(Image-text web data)
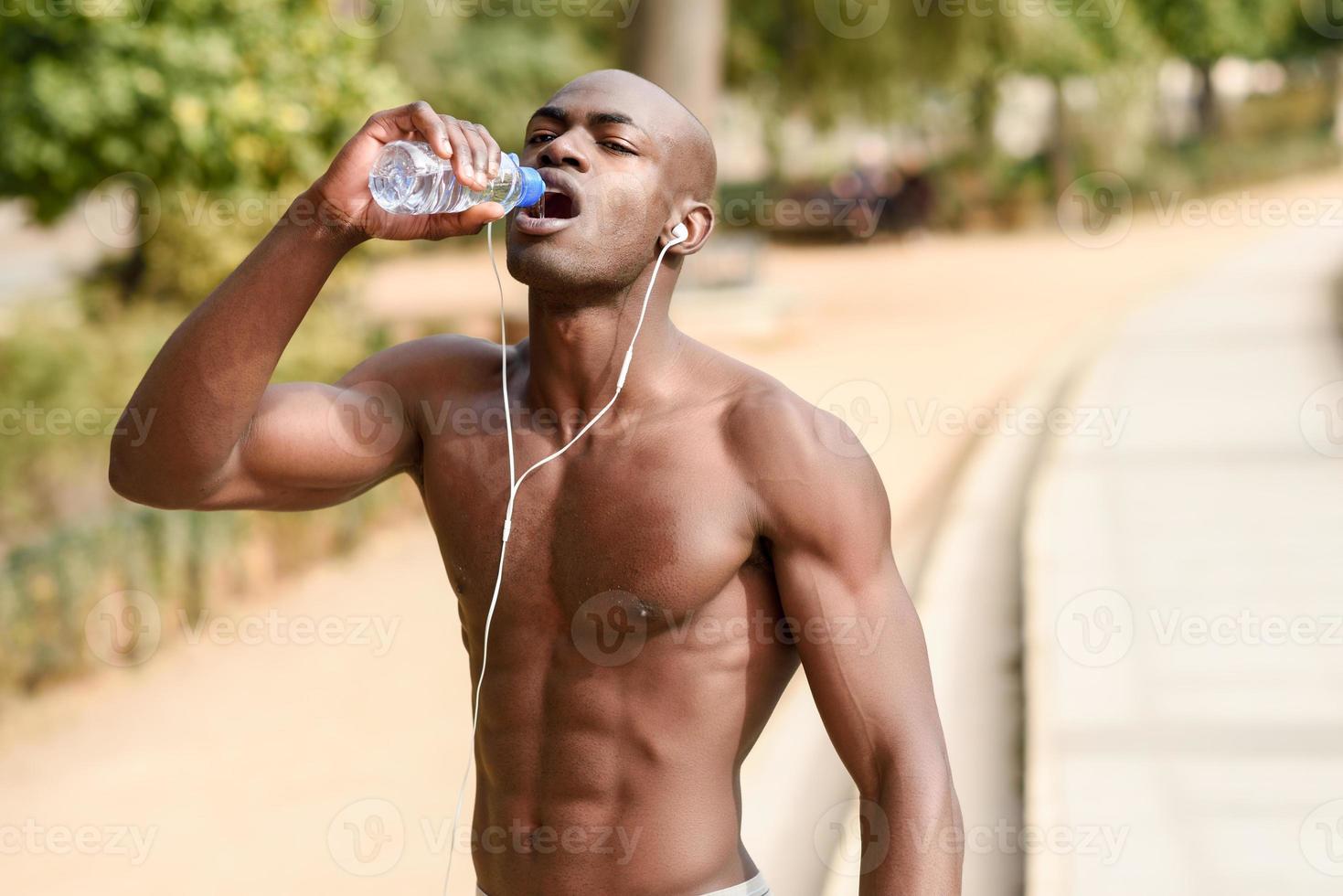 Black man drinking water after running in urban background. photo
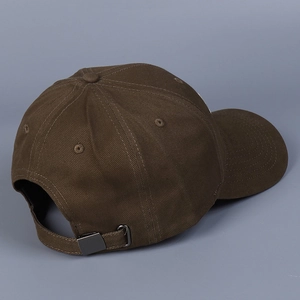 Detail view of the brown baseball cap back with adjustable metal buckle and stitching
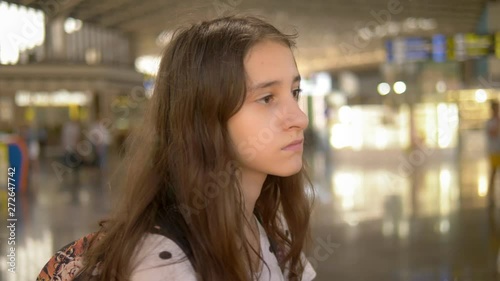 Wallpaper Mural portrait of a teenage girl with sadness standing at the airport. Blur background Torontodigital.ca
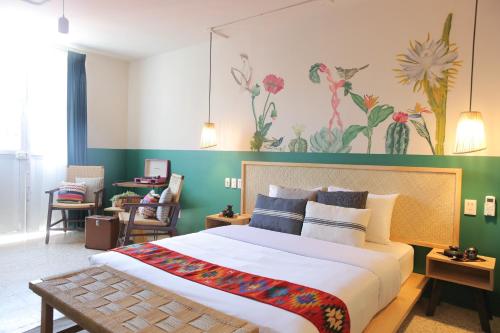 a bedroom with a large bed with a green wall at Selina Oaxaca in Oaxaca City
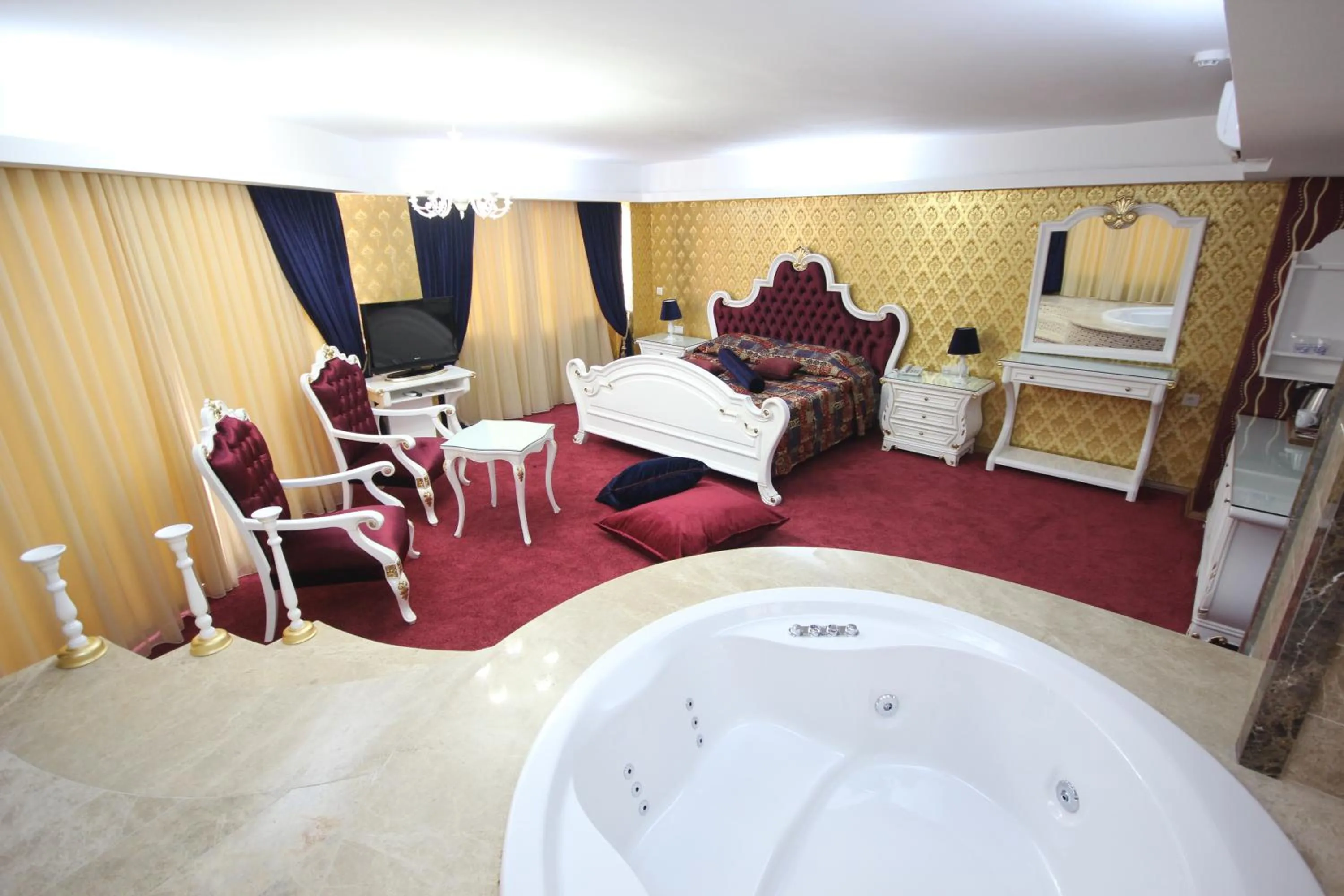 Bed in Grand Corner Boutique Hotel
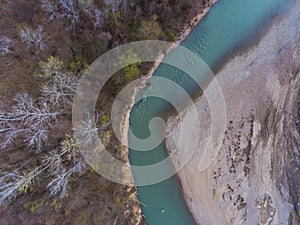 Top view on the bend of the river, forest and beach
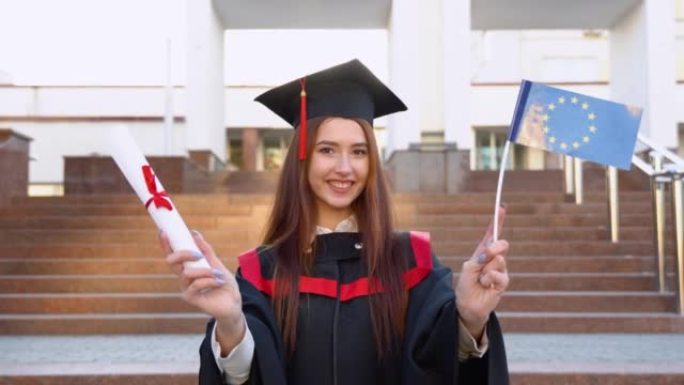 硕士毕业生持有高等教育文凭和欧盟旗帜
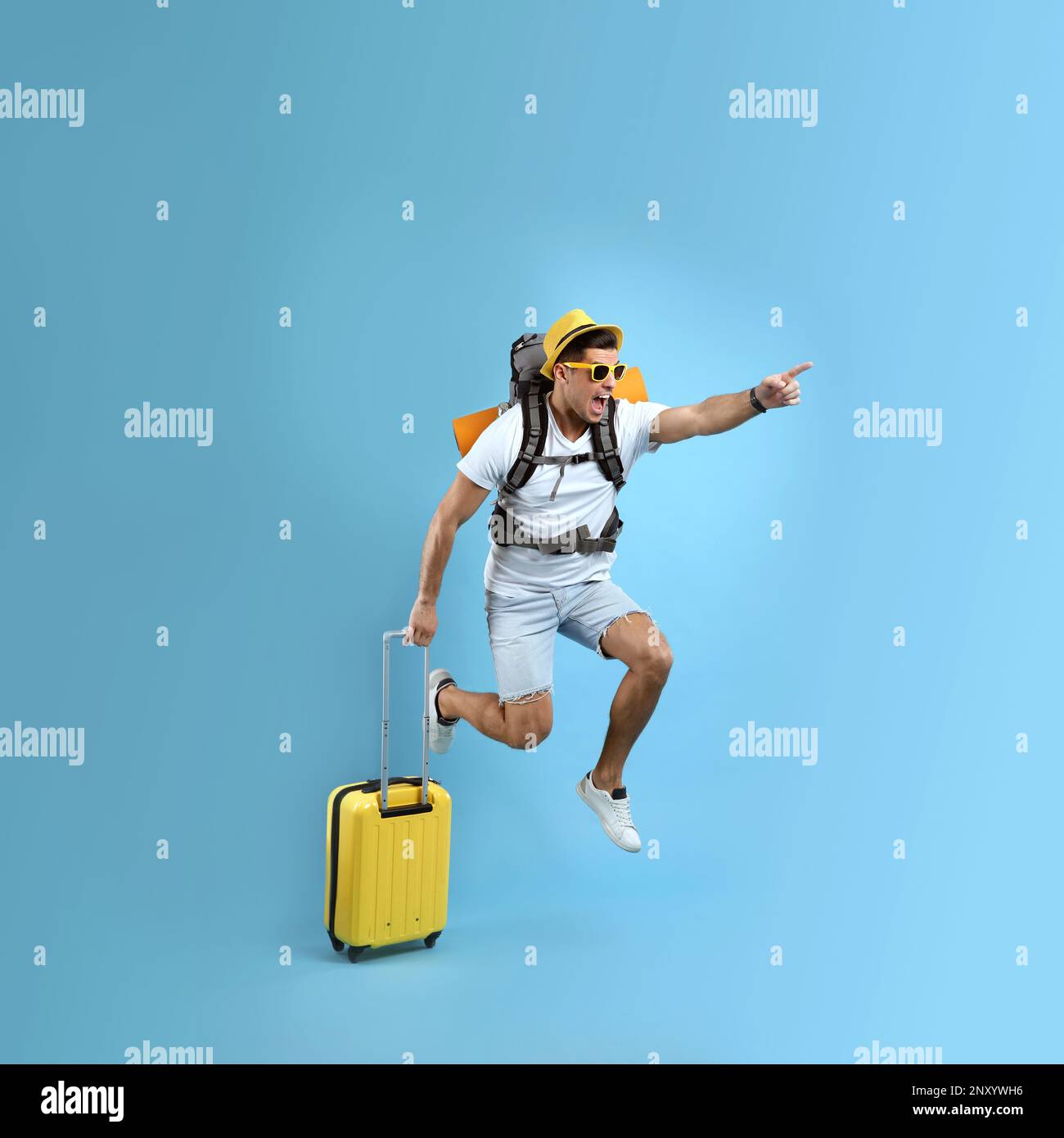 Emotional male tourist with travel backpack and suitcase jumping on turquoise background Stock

• [TASK PROMPT]:
Starting at the line that contains "Bed in Grand Corner Boutique Hotel", write out every line through the final line of the entries, word for word; skip any pictures.

• [RESULT BELOW]:
 Bed in Grand Corner Boutique Hotel
 Top view on the bend of the river, forest and beach
 硕士毕业生持有高等教育文凭和欧盟旗帜
 Emotional male tourist with travel backpack and suitcase jumping on turquoise background Stock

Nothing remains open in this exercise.